§ **Work instructions**
Write out the listing below again, precisely as it is given.

§ **Provided data**
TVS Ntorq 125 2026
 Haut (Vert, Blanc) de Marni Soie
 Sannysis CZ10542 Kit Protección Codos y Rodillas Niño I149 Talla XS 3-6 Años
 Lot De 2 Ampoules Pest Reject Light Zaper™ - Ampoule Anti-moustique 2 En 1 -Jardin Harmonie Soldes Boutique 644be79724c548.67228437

§ **Exercise response**
TVS Ntorq 125 2026
 Haut (Vert, Blanc) de Marni Soie
 Sannysis CZ10542 Kit Protección Codos y Rodillas Niño I149 Talla XS 3-6 Años
 Lot De 2 Ampoules Pest Reject Light Zaper™ - Ampoule Anti-moustique 2 En 1 -Jardin Harmonie Soldes Boutique 644be79724c548.67228437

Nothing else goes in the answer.